## YOUR OBJECTIVE
Give back the whole listing exactly as written, pictures excluded.

## DATASET SECTION
----------
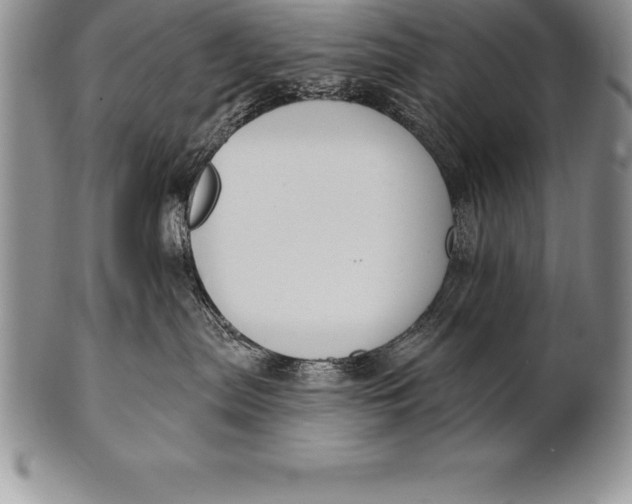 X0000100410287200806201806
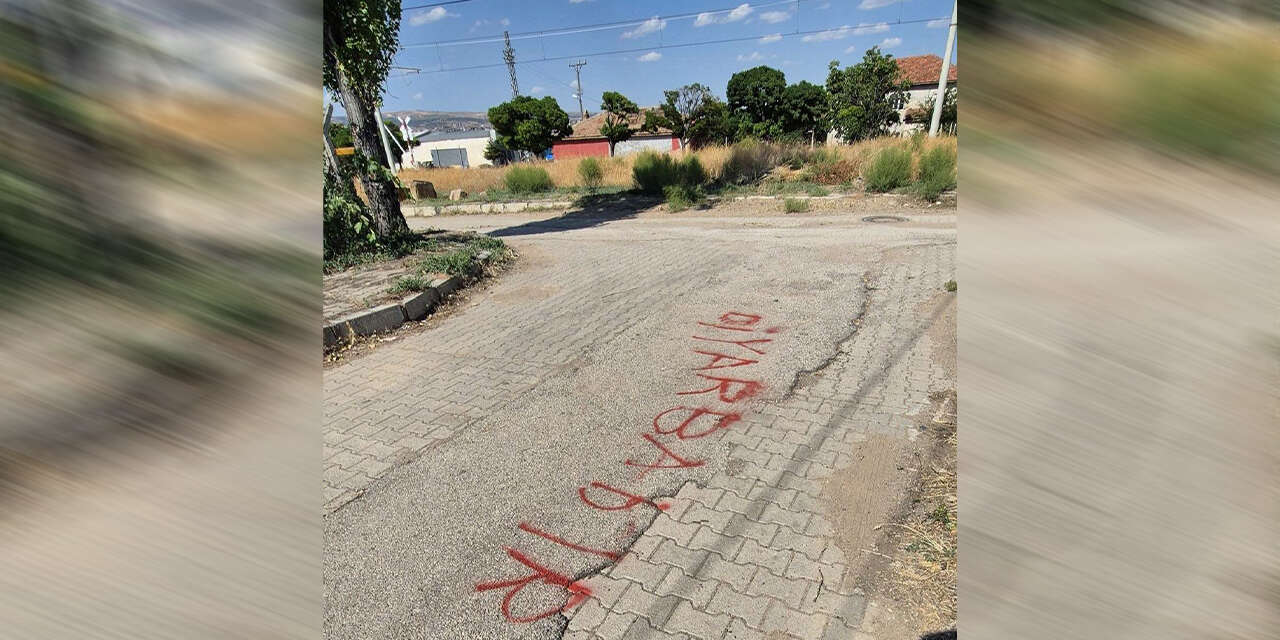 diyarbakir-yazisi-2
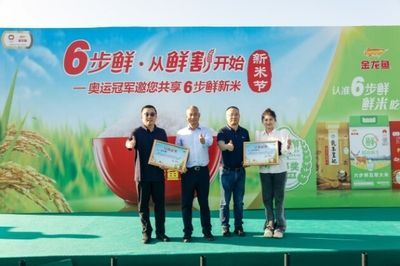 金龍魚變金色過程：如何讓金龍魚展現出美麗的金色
----------
## OUTPUT FOR THIS EXERCISE
 X0000100410287200806201806
 diyarbakir-yazisi-2
 金龍魚變金色過程：如何讓金龍魚展現出美麗的金色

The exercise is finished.